Toward the end of July, Philip and Ivan clashed publicly again. On the 28th, the metropolitan was celebrating a service at the Novodevichy Monastery outside Moscow, and as he led a procession around the walls, the tsar and a band of Oprichniki suddenly appeared. Philip noticed that one of them (according to Islamic custom) was standing with his cap on. “Sovereign Tsar,” said Philip, “are the Orthodox to uphold Islamic law?” The tsar responded: “How so?” Philip answered: “There he is, one of your own guards, the one who looks like Satan.” Ivan looked back, but the man had already removed his cap.14
In early September, there were mass executions. Some 450 nobles and their servitors, including several of Philip’s relations, were killed. Many had been on Staritsky’s conspiracy list. Others had simply been close to Chelyadnin, and they included outstanding members of the military high command, such as the officers in charge of Narva, Svyazhsk, and Kazan. If Kurbsky’s charge in 1564 that Ivan was killing off his best generals (as Stalin would do in the 1930s) had at the time been overstated, it was certainly true by 1568.

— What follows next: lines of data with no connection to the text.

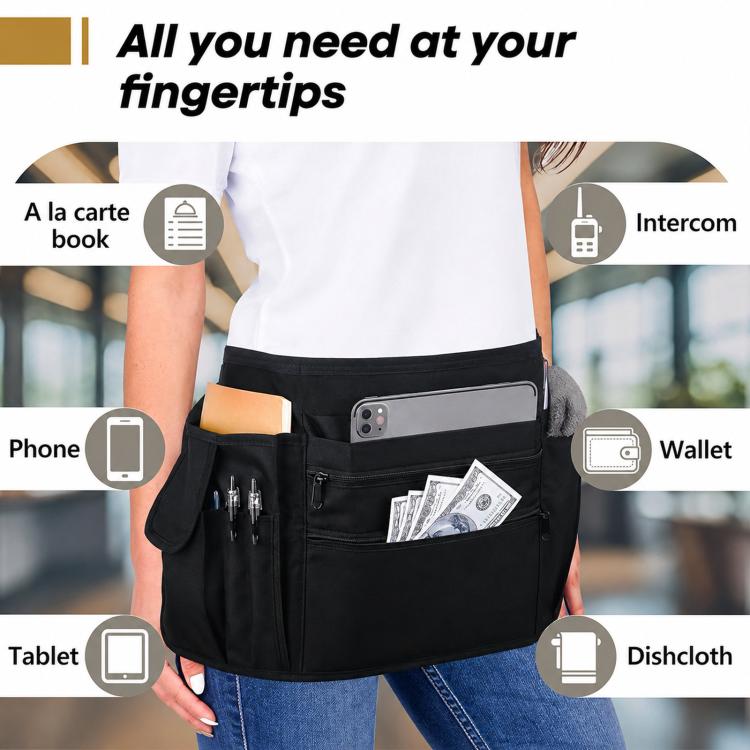 Server Apron with Pockets Water-Resistant Waist Apron for Waitress Waiter with Adjustable Buckle Strap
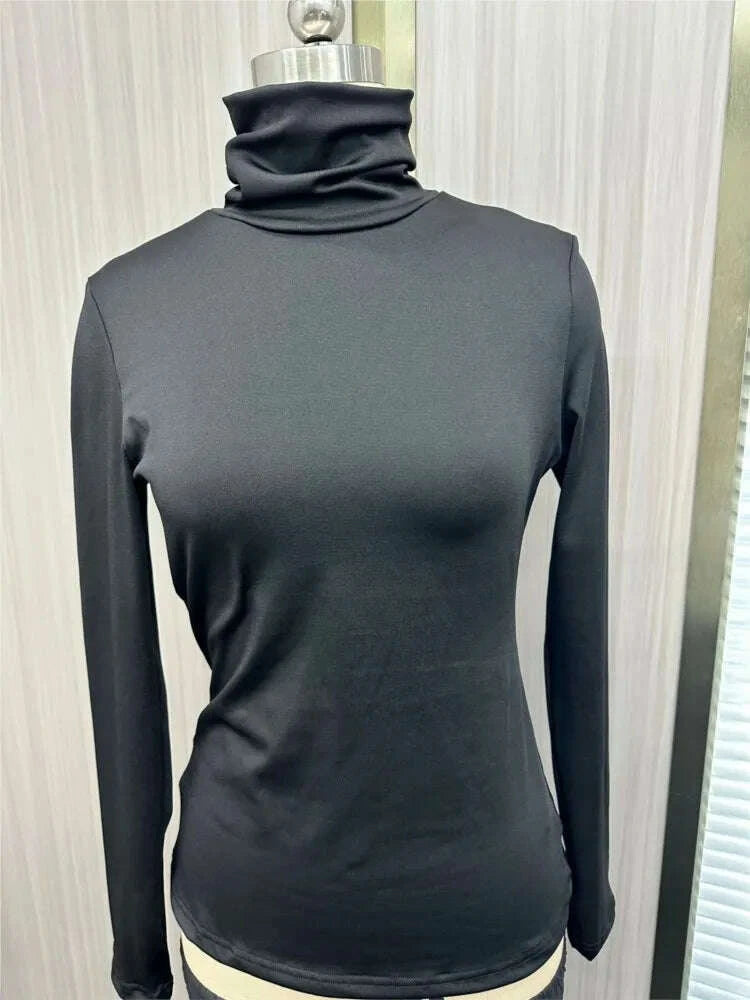 KIMLUD, Woman Foreign Style Skirt Two-piece Suit Spring Autumn Fashion Solid High Neck Top+skirts Set Ladies Elegant Party Prom Clothing, KIMLUD Womens Clothes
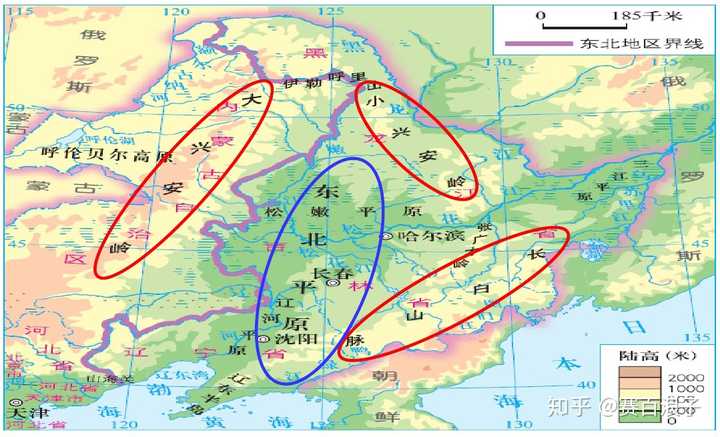 东北地形图,第二,三张是中国地图出版社出版的《中国地图集》(2004年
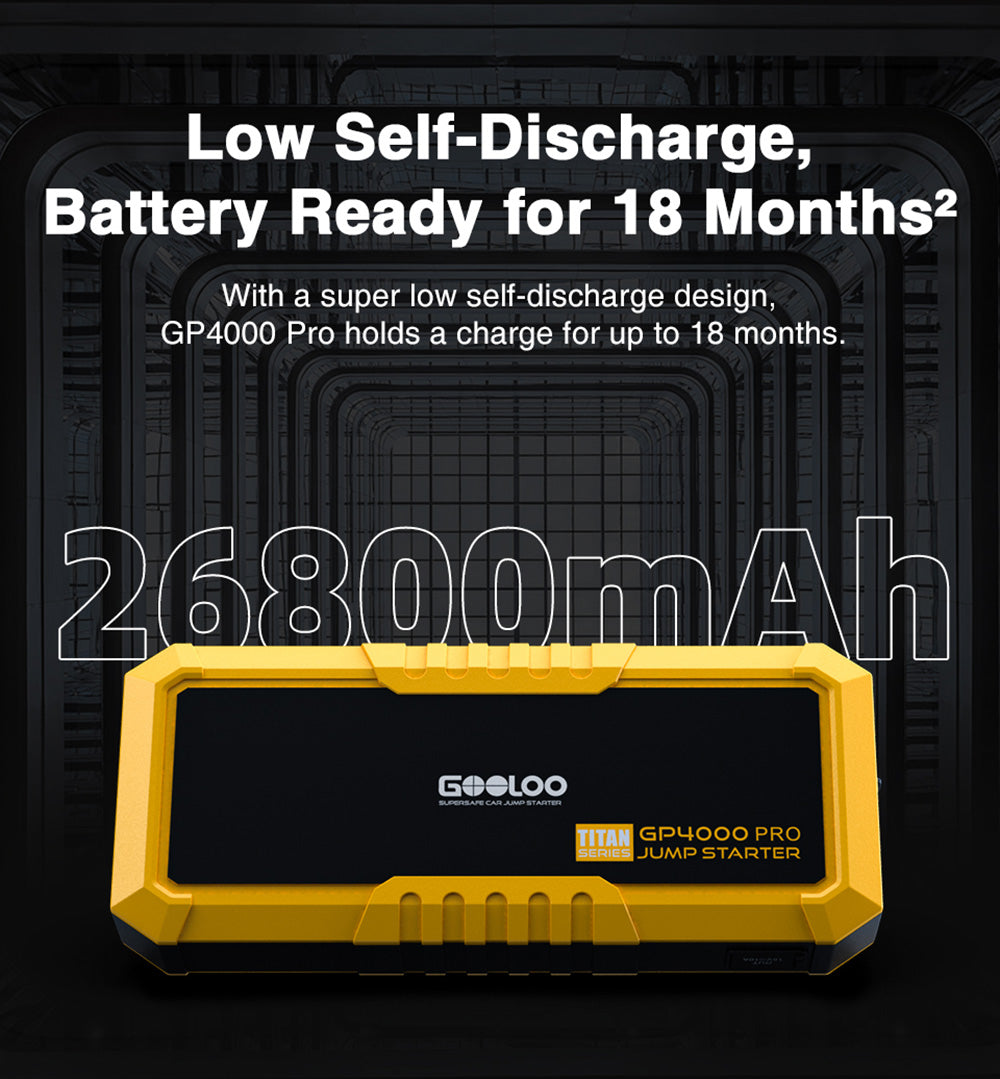 GOOLOO GP4000 PRO Jump Starter, 26800mAh Power Bank, 4000A Peak, 15V 10A DC Output, 1W White LED, 10L Diesel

On the 11th, Chelyadnin himself was summoned to the Kremlin’s Golden Chamber where Ivan arrayed him in royal robes and placed him on the throne. Prostrating himself in mock humility, the tsar
said: “You have what you wanted. Enjoy it.” Then: “What I have given, I can also take away,” and (it is claimed) seizing a knife stabbed him in the chest.15 Afterward, Ivan’s myrmidons threw the body into a ditch.
Chelyadnin’s fate cowed all vestigial boyar opposition, and despite the tainted evidence of the investigative commission, the Duma agreed to try Philip on a range of charges from administrative corruption to sorcery. The chief witnesses against him were Paisy, Philip’s successor as abbot, and certain elders whom he had repeatedly reprimanded for allowing the monastery’s reservoir and dam to fall into disrepair. Their testimony came as no surprise. In January 1568, in answer to his chiding, they had sent him a shipment of rotten fish. Surely they would not have dared to do so if Philip’s impending fall had not already been widely assumed. Another cleric with a grudge was the Archpriest Evstafy, Ivan’s current confessor, whom Philip had reproached for his lack of spiritual counsel to the tsar. And then of course there was Archbishop Pimen, who hoped at last to be made metropolitan once Philip was out of the way.

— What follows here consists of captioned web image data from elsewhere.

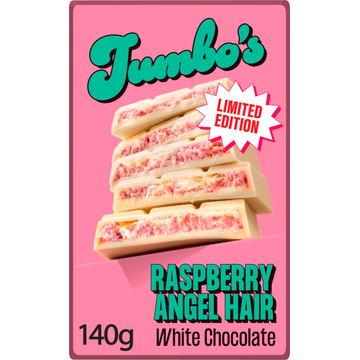 Jumbo's Chocoladereep Wit Raspberry Angel Hair Limited Edition 130 g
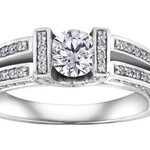 Maple Leaf Diamonds 18KPD WG 1CD#CMO-27592 Round .52CT Diamond Ring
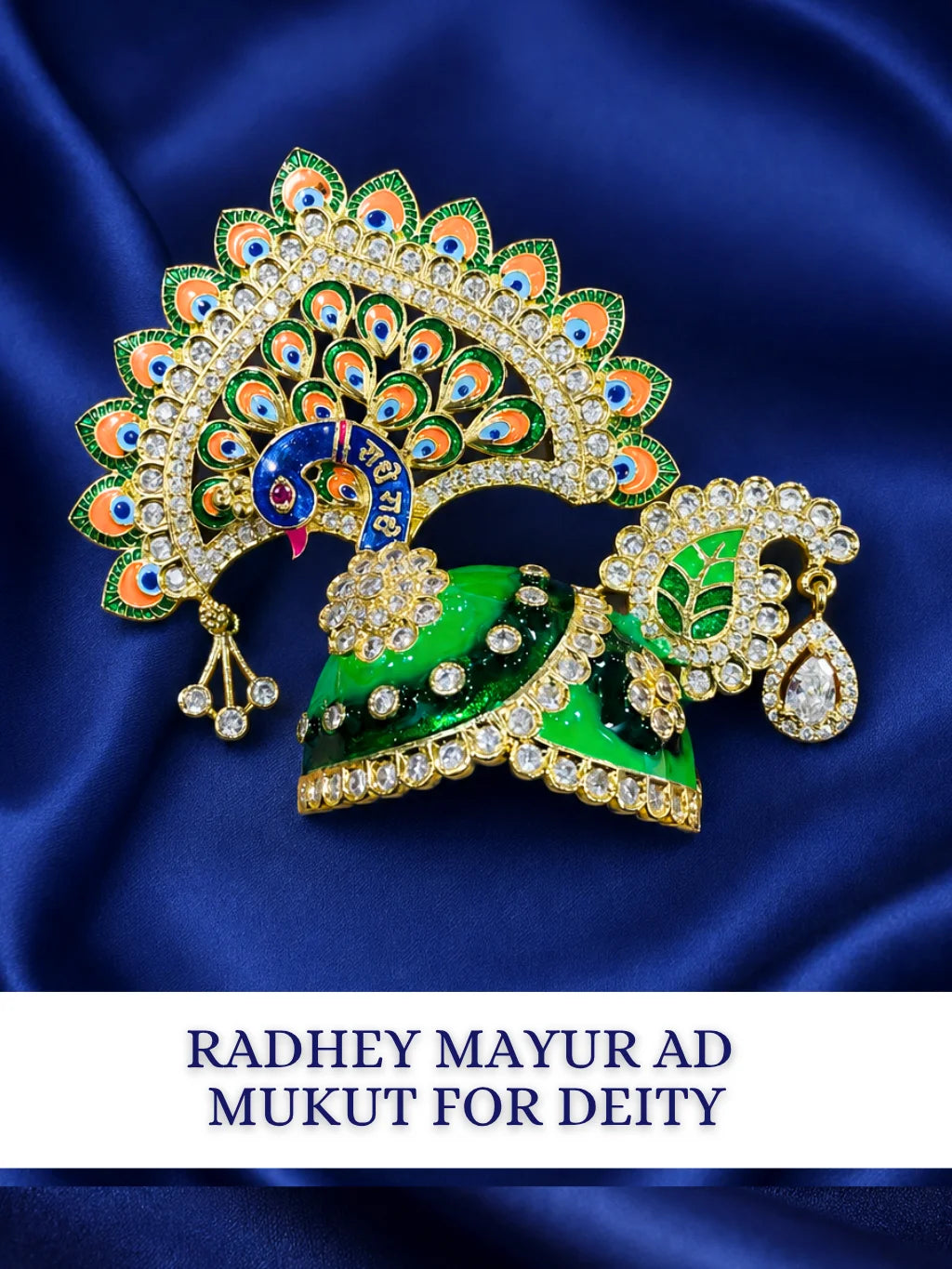 Radhey Mayur AD Mukut for Laddu Gopal with sparkling American Diamond stones and peacock-inspired design
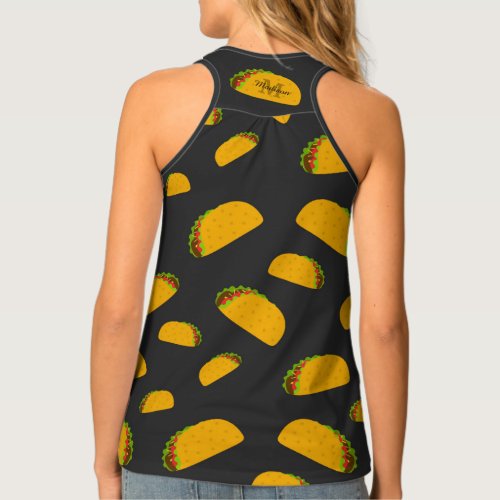 Cool and fun yummy taco pattern Monogram Tank Top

As a clergyman, incidentally, Pimen was only interested in strictly liturgical questions; for example, what one was supposed to do if a priest collapsed in the middle of Communion.
Meanwhile, Ivan did everything he could to intimidate Philip before his arraignment, and on the eve of his trial decapitated his cousin, Mikhail Kolychev, and sent him the head sewn up in a leather bag.